Rabbit-Proof Fence
“RABBIT-PROOF FENCE” is the name of a film, I’ve watched recently, whose plot and photography really caught me.
It’s a 2002 Australian drama film directed by Phillip Noyce and filmed by Christopher Doyle both Australian.
It was filmed on location in Australia and stars for Aboriginal actresses.
It’s based on a book written by Doris Pilikintong Garimara. It’s about the author’s mother and two other young Aboriginals girls, who ran away from a native settlement to return to their Aboriginal families, after being placed there in 1931.

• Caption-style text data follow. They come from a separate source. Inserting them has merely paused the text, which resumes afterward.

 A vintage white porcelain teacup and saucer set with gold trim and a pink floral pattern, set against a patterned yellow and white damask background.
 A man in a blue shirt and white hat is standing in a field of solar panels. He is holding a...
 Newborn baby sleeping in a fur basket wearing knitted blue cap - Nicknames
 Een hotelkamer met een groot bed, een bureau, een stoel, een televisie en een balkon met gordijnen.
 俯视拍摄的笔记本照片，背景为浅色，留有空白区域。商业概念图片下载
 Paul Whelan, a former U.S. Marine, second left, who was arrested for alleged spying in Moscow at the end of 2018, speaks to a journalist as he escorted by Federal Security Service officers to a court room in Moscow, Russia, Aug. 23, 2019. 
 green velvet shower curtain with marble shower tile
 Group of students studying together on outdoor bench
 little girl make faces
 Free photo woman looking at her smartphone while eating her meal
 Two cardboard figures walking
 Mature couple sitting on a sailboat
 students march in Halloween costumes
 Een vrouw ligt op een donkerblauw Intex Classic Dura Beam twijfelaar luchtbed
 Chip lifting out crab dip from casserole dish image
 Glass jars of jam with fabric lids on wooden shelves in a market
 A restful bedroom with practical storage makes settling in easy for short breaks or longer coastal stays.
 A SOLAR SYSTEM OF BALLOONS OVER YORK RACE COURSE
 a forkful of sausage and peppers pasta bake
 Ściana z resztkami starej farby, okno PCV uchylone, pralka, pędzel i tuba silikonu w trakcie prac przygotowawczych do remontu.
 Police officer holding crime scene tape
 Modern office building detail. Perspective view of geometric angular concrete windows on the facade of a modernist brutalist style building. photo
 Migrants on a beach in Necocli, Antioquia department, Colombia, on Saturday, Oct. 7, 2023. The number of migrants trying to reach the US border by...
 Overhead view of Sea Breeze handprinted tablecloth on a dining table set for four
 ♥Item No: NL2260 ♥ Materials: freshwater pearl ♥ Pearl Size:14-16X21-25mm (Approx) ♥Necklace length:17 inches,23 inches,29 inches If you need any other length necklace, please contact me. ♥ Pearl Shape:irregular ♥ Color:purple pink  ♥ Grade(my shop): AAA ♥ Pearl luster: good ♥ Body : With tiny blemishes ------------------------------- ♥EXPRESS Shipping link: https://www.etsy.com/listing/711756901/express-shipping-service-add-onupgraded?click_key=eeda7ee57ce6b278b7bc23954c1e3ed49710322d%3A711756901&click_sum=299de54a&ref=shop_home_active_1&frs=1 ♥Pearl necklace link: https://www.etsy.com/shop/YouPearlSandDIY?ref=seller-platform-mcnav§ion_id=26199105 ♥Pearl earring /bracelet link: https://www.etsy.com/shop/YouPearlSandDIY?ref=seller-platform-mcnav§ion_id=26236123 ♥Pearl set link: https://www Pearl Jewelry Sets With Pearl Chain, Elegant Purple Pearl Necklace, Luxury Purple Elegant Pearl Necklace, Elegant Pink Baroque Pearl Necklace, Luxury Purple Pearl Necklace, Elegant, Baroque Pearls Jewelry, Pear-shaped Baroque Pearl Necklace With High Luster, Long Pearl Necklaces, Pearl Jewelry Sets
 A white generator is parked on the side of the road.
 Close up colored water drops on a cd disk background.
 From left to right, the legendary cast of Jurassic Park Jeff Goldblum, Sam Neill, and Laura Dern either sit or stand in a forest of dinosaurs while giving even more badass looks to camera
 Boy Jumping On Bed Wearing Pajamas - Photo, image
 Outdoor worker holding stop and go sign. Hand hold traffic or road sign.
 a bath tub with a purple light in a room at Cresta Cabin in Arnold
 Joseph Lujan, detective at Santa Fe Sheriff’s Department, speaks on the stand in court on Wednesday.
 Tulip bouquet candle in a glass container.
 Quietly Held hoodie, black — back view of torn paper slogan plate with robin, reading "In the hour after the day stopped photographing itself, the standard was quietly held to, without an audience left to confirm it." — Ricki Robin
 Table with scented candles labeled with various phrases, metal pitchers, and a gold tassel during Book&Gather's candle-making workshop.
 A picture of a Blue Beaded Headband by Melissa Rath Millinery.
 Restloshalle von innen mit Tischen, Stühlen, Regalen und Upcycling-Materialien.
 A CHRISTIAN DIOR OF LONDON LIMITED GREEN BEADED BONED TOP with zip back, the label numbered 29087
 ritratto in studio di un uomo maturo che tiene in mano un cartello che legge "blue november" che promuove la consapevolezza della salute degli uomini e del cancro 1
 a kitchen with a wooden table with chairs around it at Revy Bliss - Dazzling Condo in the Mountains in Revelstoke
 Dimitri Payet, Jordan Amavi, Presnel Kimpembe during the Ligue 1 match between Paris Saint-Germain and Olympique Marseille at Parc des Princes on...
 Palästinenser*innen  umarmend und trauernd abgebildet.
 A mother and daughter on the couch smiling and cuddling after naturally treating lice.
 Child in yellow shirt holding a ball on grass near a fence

The film follows the girls as they walk for nine weeks a long 1.500 miles of the Australian rabbit-proof fence (a pest-exclusion fence, constructed between 1901-1903 to keep the rabbits pest of Western of Australian pastoral areas), to return to their community while being tracked by a white authority figure, the protector of Aborigines responsible for removing the girls from their families, and a black tracker.
The film formed a part of a major debate in contemporary Australia over the stolen generations, where Aboriginals children separated from their parents by the State were taken to residencial schools, forced to learn English languange and then compelled to work for white families like slaves.
The soundtrack was composed by Peter Gabriel and called ”Long Walk Home”
On the 13th of February 2008 Australian government offered a formal apology to the stolen generations.